The sublimation of niobium oxide Nb₂O₅ in the range 1100–1400°С is incongruent, with oxygen molecules transferred to the vapor phase and various condensed oxides formed, whose compositions lie in the range Nb₁₂O₂₉–Nb₅₃O₁₃₂ [29–34]. The lower volatility of niobium oxide compared to that of zinc oxide allows us to consider the system during vaporization in the range 1200–1500 K in the frame of a two-component system as

$${{N}_{{{\text{ZnO}}}}} + {{N}_{{{\text{N}}{{{\text{b}}}_{{\text{2}}}}{{{\text{O}}}_{{\text{5}}}}}}} = {\text{ }}1,$$

(1)

where N_ZnO (\({{N}_{{{\text{Nb}}}}}_{{_{2}{{{\text{O}}}_{5}}}}\)) is zinc oxide (niobium oxide) mole fraction.

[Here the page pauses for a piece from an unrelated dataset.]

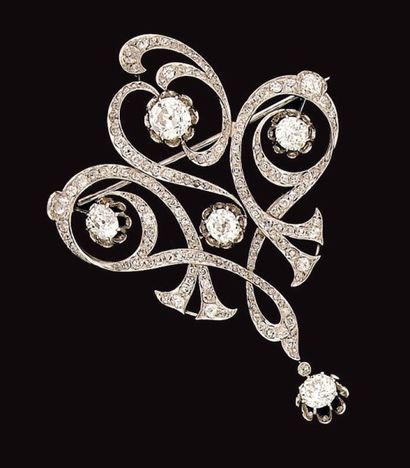 Broche entrelacs en platine, sertie de diamants...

ZnO–Nb₂O₅ samples containing 90, 75, 60, 50, 40, and 11 mol % ZnO were used in vaporization experiments. The first four of these samples were prepared by annealing homogenized mixtures of pure niobium oxide and zinc oxide in platinum crucibles under air at T = 1173 K for 30 h; the purity and phase composition of the samples were monitored by X-ray powder diffraction and X-ray fluorescence analysis. The 11 mol % ZnO sample was prepared immediately in the course of a mass-spectrometric experiment by annealing a thoroughly homogenized ZnNb₂O₆ + Nb₂O₅ sample containing 88.9 mol % Nb₂O₅ in the effusion cell at Т > 1360 K.

RESULTS AND DISCUSSION

The requirements imposed on the experimental work where quartz effusion chambers are used did not allow us to determine the component partial vapor pressures over all phase areas of the ZnO–Nb₂O₅ system in one isothermal evaporation experiment [35]. We performed three isothermal partial sublimation experiments on I, II, and V phase systems at Т = 1353 K and four similar experiments on I–IV phase systems at Т = 1443 K. The thus-performed sublimation study and the known thermodynamic characteristics of zinc oxide [20–23] indicate that the saturated vapor of the system consists mostly of zinc atoms and oxygen molecules. However, Grade et al. [36] detected ZnO molecules in the vapor phase, with the partial pressure almost three orders of magnitude lower than the pressure of the major components. The partial pressures of zinc atoms and oxygen molecules were calculated by the Hertz–Knudsen equation subject to the congruent sublimation of zinc oxide in the settings of an effusion experiment:

$$({{p}_{{{\text{Zn}}}}}{\text{/}}\sqrt {{{M}_{{{\text{Zn}}}}}} ){\text{/}}({{p}_{{{{{\text{O}}}_{2}}}}}{\text{/}}\sqrt {{{M}_{{\text{O}}}}_{{_{2}}}} ) = 2.$$

(2)

The results of these calculations appear in Tables 1 and 2. Table 1 also lists the partial vapor pressures upon zinc oxide sublimation in a closed space, where the vaporization process fulfills the equality of gas and condensed phase compositions:

$${{p}_{{{\text{Zn}}}}}{\text{/}}{{p}_{{{{{\text{O}}}_{2}}}}} = 2.$$

(3)

Table 1. Component partial vapor pressures over the ZnO–Nb₂O₅ system, T = 1353 K

Table 2. Component partial vapor pressures over the ZnO–Nb₂O₅ system, T = 1443 K

In so doing, we used the equilibrium constants of the reaction

$${\text{ZnO(g)}} = {\text{Zn(g)}} + 0.5{{{\text{O}}}_{2}}$$

(4)

that we calculated using experimental data borrowed from [36]. The thus-determined partial pressures were used to plot the р–х section of the global р–Т–х phase diagram (Figs. 1 and 2) at 1353 and 1443 K.

Fig. 1.

р–х diagram of the ZnO–Nb₂O₅ system at Т = 1353 K.

Fig. 2.

р–х diagram of the ZnO–Nb₂O₅ system at Т = 1443 K.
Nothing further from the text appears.